• [AIM OF THE TASK]: Exactly as written, please repeat the data that follows, but not the pictures.

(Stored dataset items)
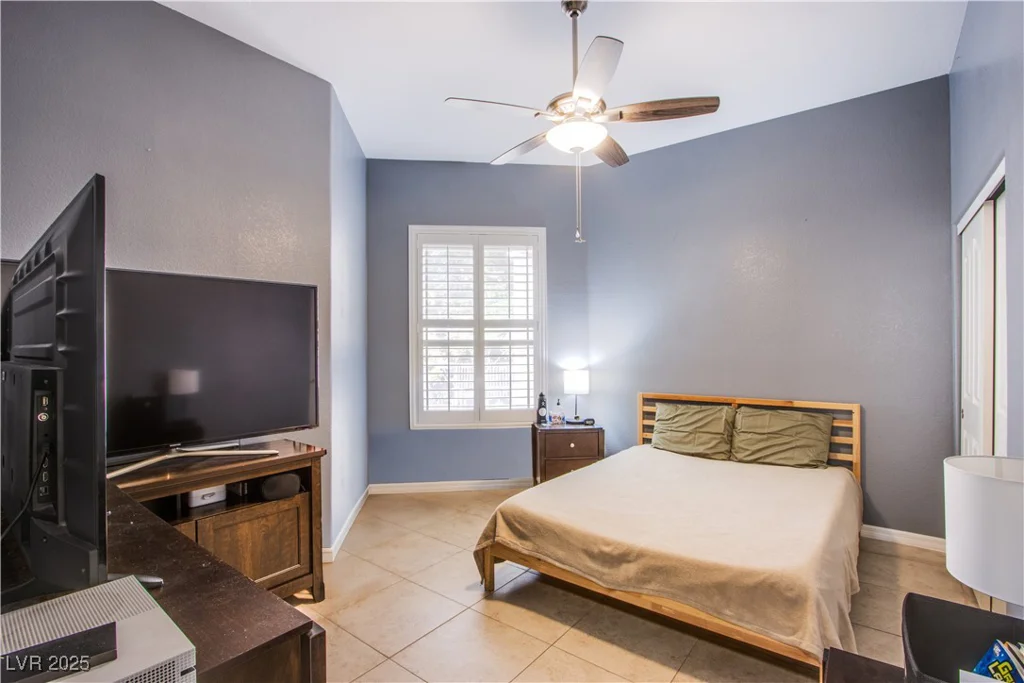 1552 Livingston, Henderson, NV 89012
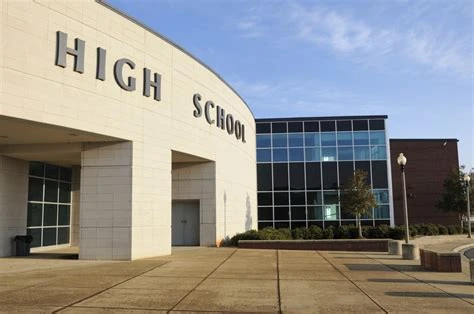Highschool (teacher user) thumbnail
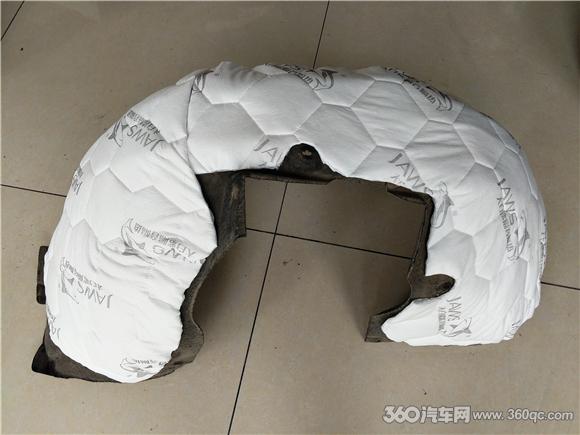 斯柯达明锐隔音改造,斯柯达明锐四门隔音教程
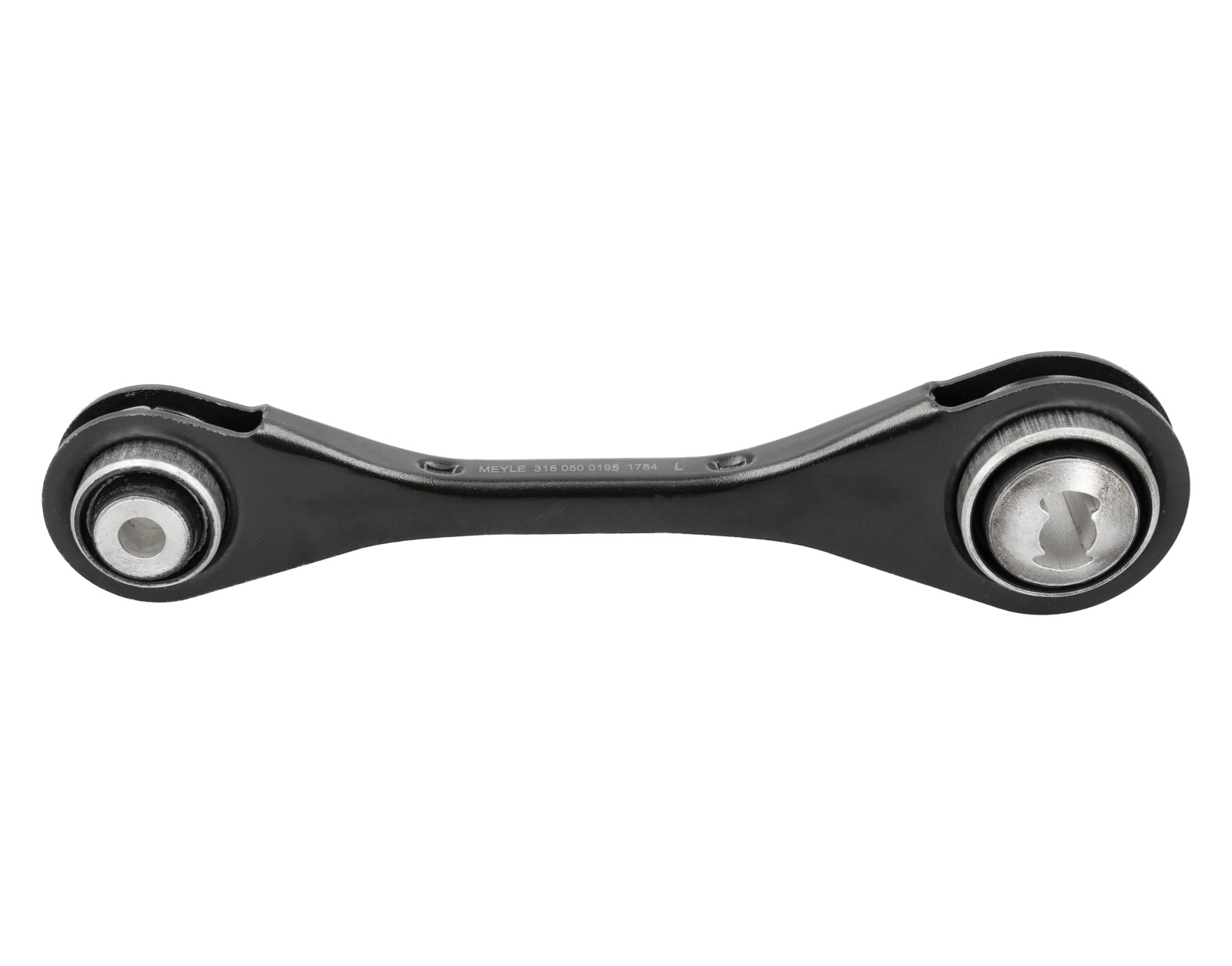 MEYLE Bærearm, hjulophæng 3160500195 foran for BMW TOYOTA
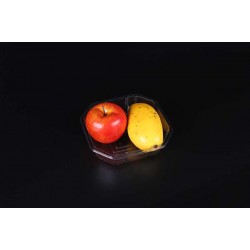 食品吸塑包裝哪家好 食品吸塑廠(chǎng)實(shí)力廠(chǎng)商**上海廣舟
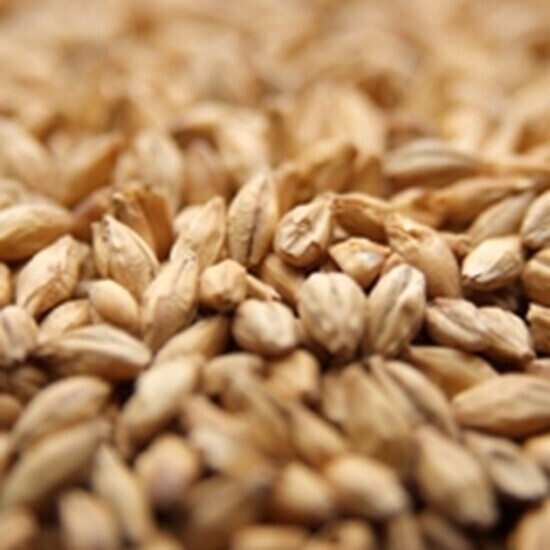 Weyermann Carafoam Malt per lb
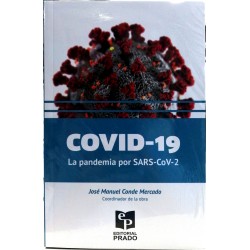 CONDE - COVID-19  LA...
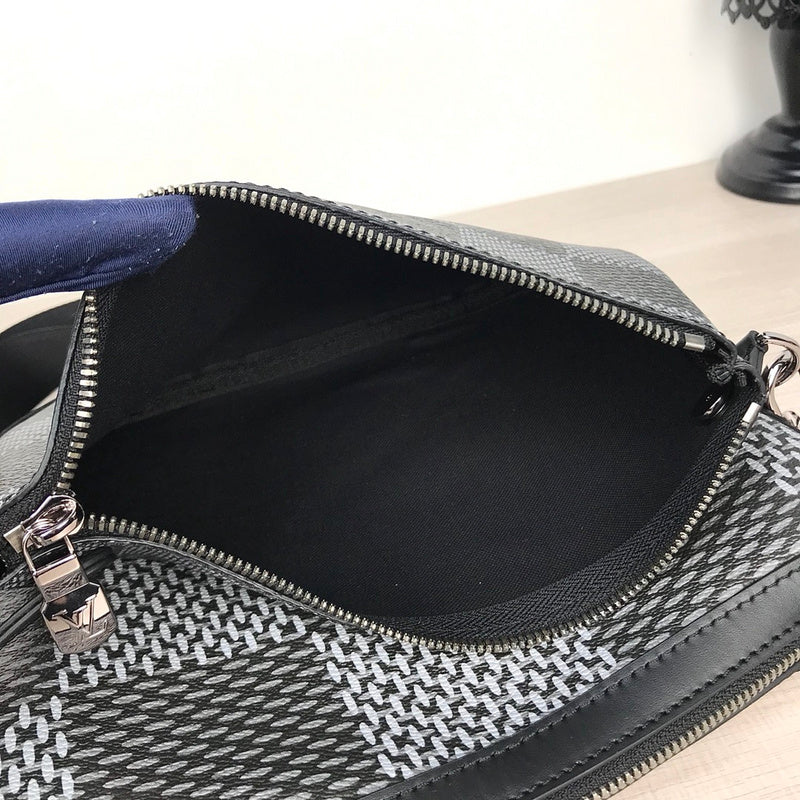 Satchel Bags - GUC Bags - 2448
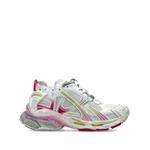 Кроссовки Runner Gradient 1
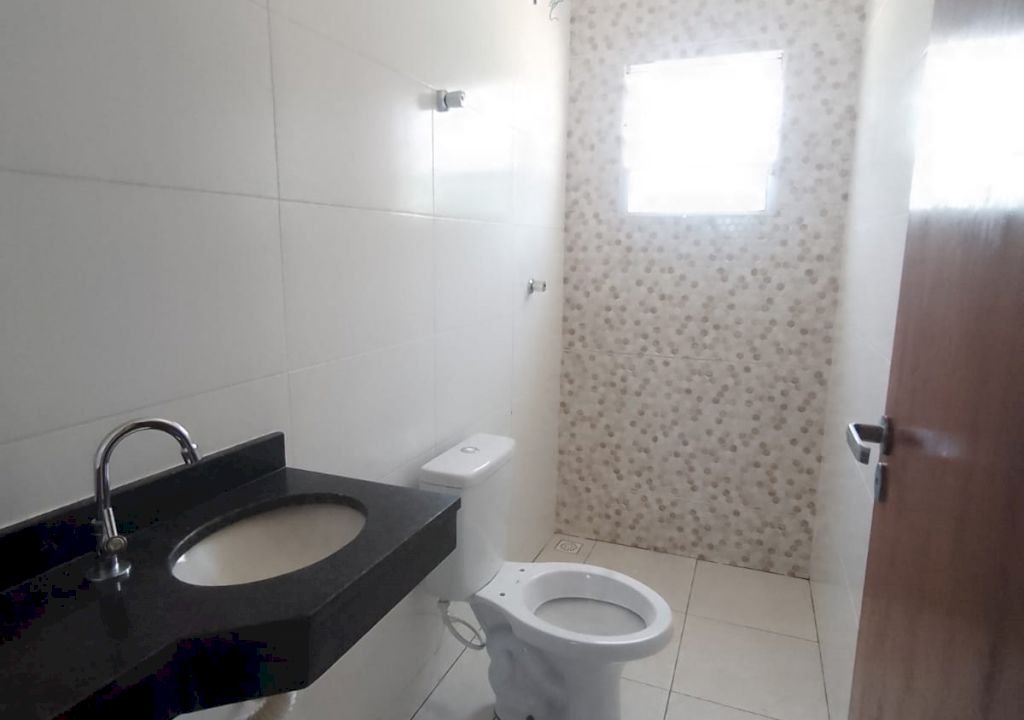 Imagem imóvel EXCELENTE SOBRADO C/ PISCINA E AMPLO ESPAÇO NO CIBRATEL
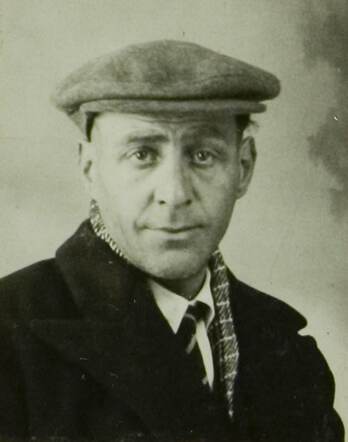 Tobias Groenteman SAA kaart 013464_002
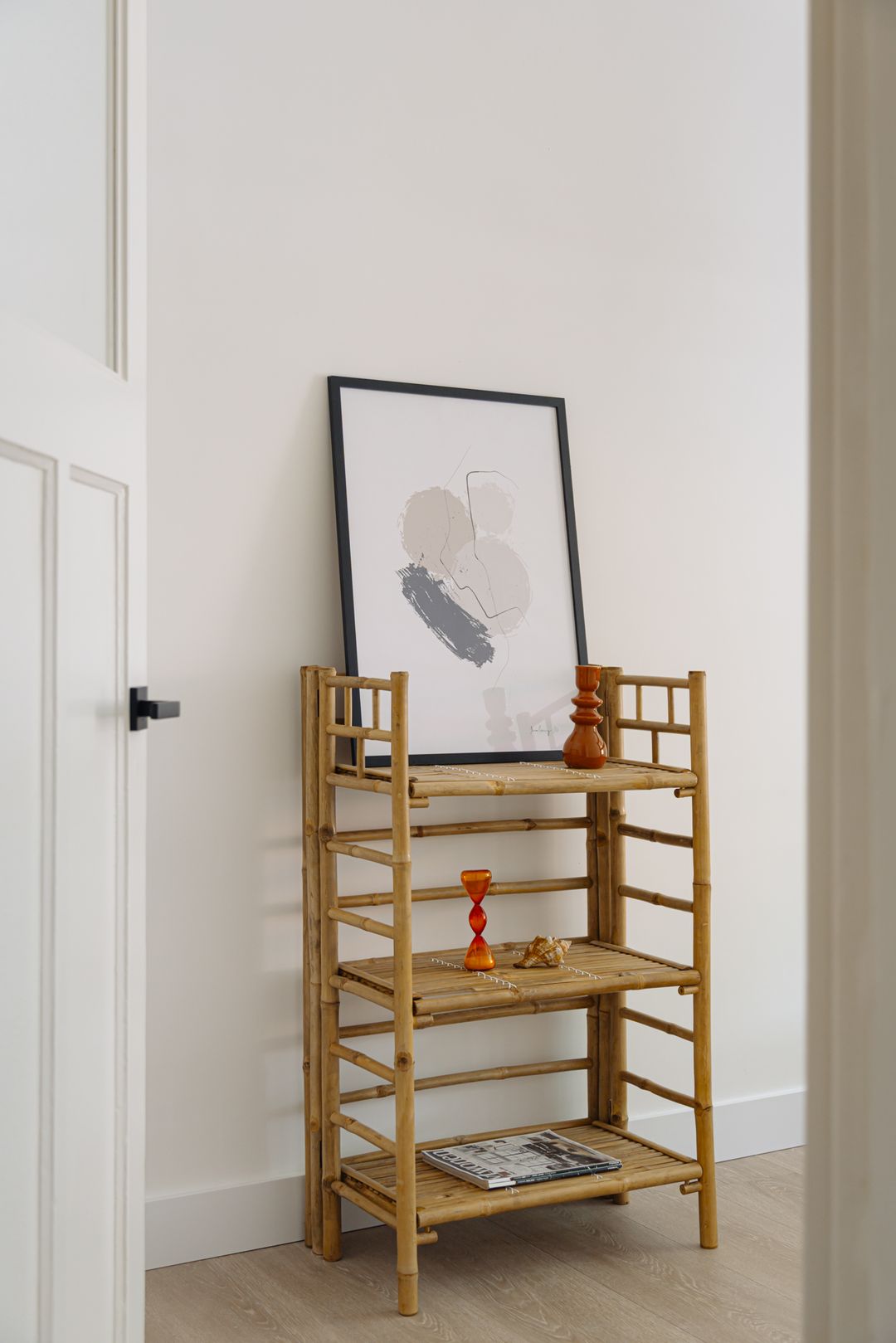 Foto 13 van Van Tuyll van Serooskerkenweg 2-1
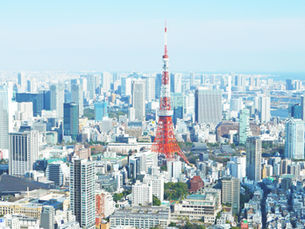 新築美装 東京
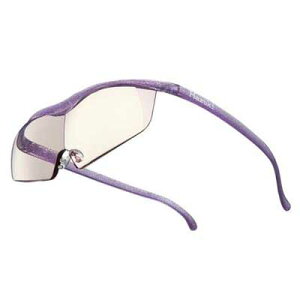 yyVubNtCf[JÒ!!Ԓ|Cg2{!!znYL[y nYLN[ 1.6{ ȃY J[Y j[p[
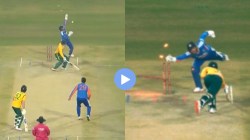Ind vs Sa: अनलकी डी कॉक! जितेश शर्माच्या ‘सुपरफास्ट’ रनआऊटमुळे शतक थोडक्यात हुकलं, पाहा Video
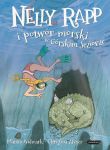 Nelly Rapp i potwór morski w górskim jeziorze, Martin Widmark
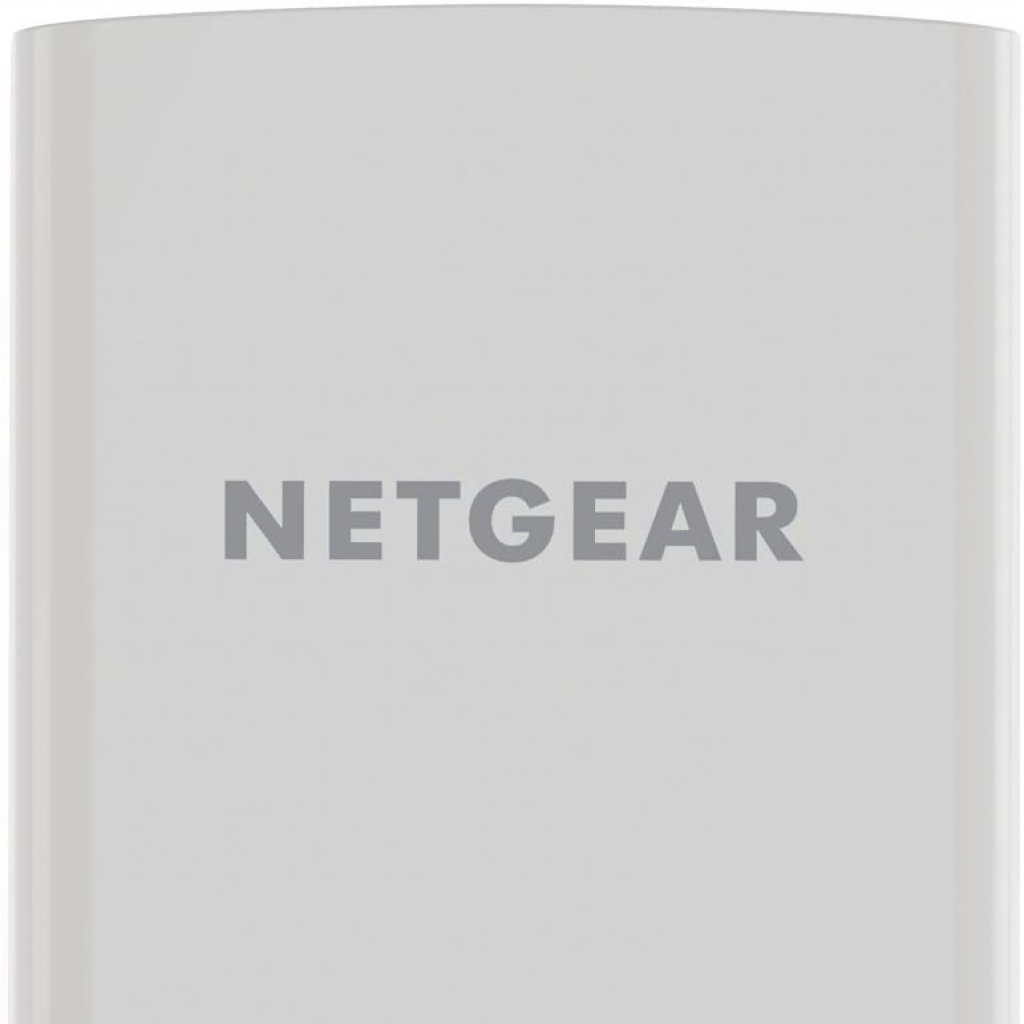 POINT D'ACCES+1 ADAPT CPL1000M sans prise - Image 4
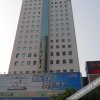 Отель 梧州环球大酒店, фото 21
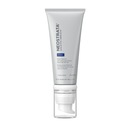 NEOSTRATA Skin Active Matrix krém proti starnutiu SPF30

• [RESULT FOR THIS TASK]:
 1552 Livingston, Henderson, NV 89012
Highschool (teacher user) thumbnail
 斯柯达明锐隔音改造,斯柯达明锐四门隔音教程
 MEYLE Bærearm, hjulophæng 3160500195 foran for BMW TOYOTA
 食品吸塑包裝哪家好 食品吸塑廠(chǎng)實(shí)力廠(chǎng)商**上海廣舟
 Weyermann Carafoam Malt per lb
 CONDE - COVID-19  LA...
 Satchel Bags - GUC Bags - 2448
 Кроссовки Runner Gradient 1
 Imagem imóvel EXCELENTE SOBRADO C/ PISCINA E AMPLO ESPAÇO NO CIBRATEL
 Tobias Groenteman SAA kaart 013464_002
 Foto 13 van Van Tuyll van Serooskerkenweg 2-1
 新築美装 東京
 yyVubNtCf[JÒ!!Ԓ|Cg2{!!znYL[y nYLN[ 1.6{ ȃY J[Y j[p[
Ind vs Sa: अनलकी डी कॉक! जितेश शर्माच्या ‘सुपरफास्ट’ रनआऊटमुळे शतक थोडक्यात हुकलं, पाहा Video
 Nelly Rapp i potwór morski w górskim jeziorze, Martin Widmark
 POINT D'ACCES+1 ADAPT CPL1000M sans prise - Image 4
 Отель 梧州环球大酒店, фото 21
 NEOSTRATA Skin Active Matrix krém proti starnutiu SPF30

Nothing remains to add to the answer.